The high Km values for NAD and
L-penicillamine have given rise to the question of whether
they are the true substrates for this novel transferase. Although our
efforts of substrate screening were within a limit of commercial
availability, the purified enzyme showed exclusive substrate
specificity among the compounds tested. L-Valine,
L-cysteine, L-cystine,
L-homocysteine, L-leucine, and
L-isoleucine were inert substrates, and
D-penicillamine served as a substrate with only 30-fold
lower reactivity compared with the L-isomer. Thus, the
enzyme appears to recognize the set of bulky substituents of
,
-dimethyl and thiol groups, which constitute the unique
structure of penicillamine. The observation that the enzyme was
specifically induced by L- or D-penicillamine provides more compelling evidence that the enzyme is biologically relevant to the penicillamine metabolism in the strain of B. sphaericus. As for the other substrate that donates ADP to
penicillamine, we also tested various mononucleotides and
dinucleotides, and only NAD served as the substrate. The observation
that NADP, NADPH, and NADH did not substitute NAD also indicated the
exclusive substrate specificity to NAD. Although we cannot completely
rule out the possibility that an unidentified ADP donor with a smaller
Km value might be synthesized in the bacterial
cells, it would be more convenient for the cells to use NAD as the
substrate for penicillamine modification. It is conceivable in this
case that the high Km value helps to prevent
unnecessary NAD consumption. It has been reported that enzymes such as
glutamate dehydrogenase (28), alanine aminotransferase (29), and
glycine aminotransferase (19) show very high substrate specificity, but
their apparent Km values are high in a range of
several millimolar levels. In such cases, however, the
Km values are compensated by succeeding enzyme
reactions that efficiently consume the product and thus draw the
equilibrium to the forward reaction. The contribution of succeeding
catalysis would be especially important for NAD:penicillamine ADP
transferase because its phosphoramide product
ADP-L-penicillamine causes potent inhibition on the enzyme.
In the present study, we used a commercially available adenylate
deaminase to prevent the product inhibition by converting ADP-L-penicillamine to IDP-L-penicillamine.

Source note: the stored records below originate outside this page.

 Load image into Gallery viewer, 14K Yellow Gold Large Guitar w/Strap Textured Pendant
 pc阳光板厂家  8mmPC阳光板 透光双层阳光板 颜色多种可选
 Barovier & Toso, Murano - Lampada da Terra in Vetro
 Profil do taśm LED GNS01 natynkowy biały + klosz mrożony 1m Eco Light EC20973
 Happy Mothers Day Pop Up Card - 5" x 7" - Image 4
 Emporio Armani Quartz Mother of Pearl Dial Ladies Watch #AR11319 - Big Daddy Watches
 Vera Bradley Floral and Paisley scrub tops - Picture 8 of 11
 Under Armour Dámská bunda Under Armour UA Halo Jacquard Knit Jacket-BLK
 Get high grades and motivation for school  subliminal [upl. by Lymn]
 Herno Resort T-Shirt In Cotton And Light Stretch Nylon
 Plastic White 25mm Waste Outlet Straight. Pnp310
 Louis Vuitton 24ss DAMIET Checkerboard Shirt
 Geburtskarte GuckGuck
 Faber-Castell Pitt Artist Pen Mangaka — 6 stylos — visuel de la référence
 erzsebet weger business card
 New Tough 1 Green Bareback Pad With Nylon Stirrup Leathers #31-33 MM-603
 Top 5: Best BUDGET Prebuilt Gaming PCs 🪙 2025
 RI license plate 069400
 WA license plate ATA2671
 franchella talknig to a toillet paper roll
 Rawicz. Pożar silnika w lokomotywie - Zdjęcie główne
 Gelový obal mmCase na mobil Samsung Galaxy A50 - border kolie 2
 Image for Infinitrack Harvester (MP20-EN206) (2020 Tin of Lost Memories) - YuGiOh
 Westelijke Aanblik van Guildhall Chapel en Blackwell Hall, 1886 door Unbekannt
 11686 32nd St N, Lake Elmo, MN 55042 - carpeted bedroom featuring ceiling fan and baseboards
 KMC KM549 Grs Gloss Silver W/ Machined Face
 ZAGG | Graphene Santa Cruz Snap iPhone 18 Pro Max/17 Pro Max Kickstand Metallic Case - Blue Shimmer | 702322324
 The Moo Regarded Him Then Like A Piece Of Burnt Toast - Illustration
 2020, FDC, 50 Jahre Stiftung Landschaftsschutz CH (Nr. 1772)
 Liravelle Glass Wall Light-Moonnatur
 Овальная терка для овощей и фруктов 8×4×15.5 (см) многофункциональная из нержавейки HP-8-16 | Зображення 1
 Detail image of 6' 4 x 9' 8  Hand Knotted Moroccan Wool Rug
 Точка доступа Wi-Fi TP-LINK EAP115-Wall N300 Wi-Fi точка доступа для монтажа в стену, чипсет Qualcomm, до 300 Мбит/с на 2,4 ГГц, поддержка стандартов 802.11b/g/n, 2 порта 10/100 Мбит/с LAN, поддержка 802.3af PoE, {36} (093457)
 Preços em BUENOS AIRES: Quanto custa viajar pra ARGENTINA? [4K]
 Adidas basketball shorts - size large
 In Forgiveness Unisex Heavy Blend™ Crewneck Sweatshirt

Although the enzyme was effective in removing the inhibitory product,
we could not detect the corresponding activity in the cell of B. sphaericus. The penicillamine degradation pathway in the bacterium
probably employs a different type of catalysis for removing
ADP-L-penicillamine. This hypothesis may be substantiated
by the observation that the thiol group slowly decreased in the cell
extract (Fig. 1, inset). The catalysis of NAD:penicillamine
ADP transferase leaves the thiol group of penicillamine unchanged, and
therefore the time-dependent thiol disappearance strongly
suggests that the thiol group of ADP-penicillamine would be removed in
the succeeding pathway.
Although the novel NAD-dependent modification catalysis did
not give us any clue on how penicillamine can be degraded and how the
amino group of penicillamine is used as the nitrogen source by B. sphaericus, the enzyme reaction may be the first, rate-limiting step in the penicillamine degradation in the bacterial cell. Specific enzyme induction by D- or L-penicillamine and
exclusive substrate specificity suggest that the enzyme would be
involved in the penicillamine assimilation pathway.
L-Penicillamine was a better substrate than the
D-isomer, and this was consistent with the observation that the bacterial cells consumed L-penicillamine more rapidly
than the D-isomer. Vigorous penicillamine consumption
observed for crude cell extract, in contrast to the potent product
inhibition on the purified enzyme, may be explained if the crude
extract contained the enzymes that catalyze succeeding reactions. The succeeding enzyme reactions are still under our investigation on the
premise that the thiol group should be the next target to be degraded.
Considering the reaction sequence by which PLP-dependent enzymes are inactivated by penicillamine, modification of the amino
group may also serve to protect PLP-dependent enzymes in the cell of B. sphaericus.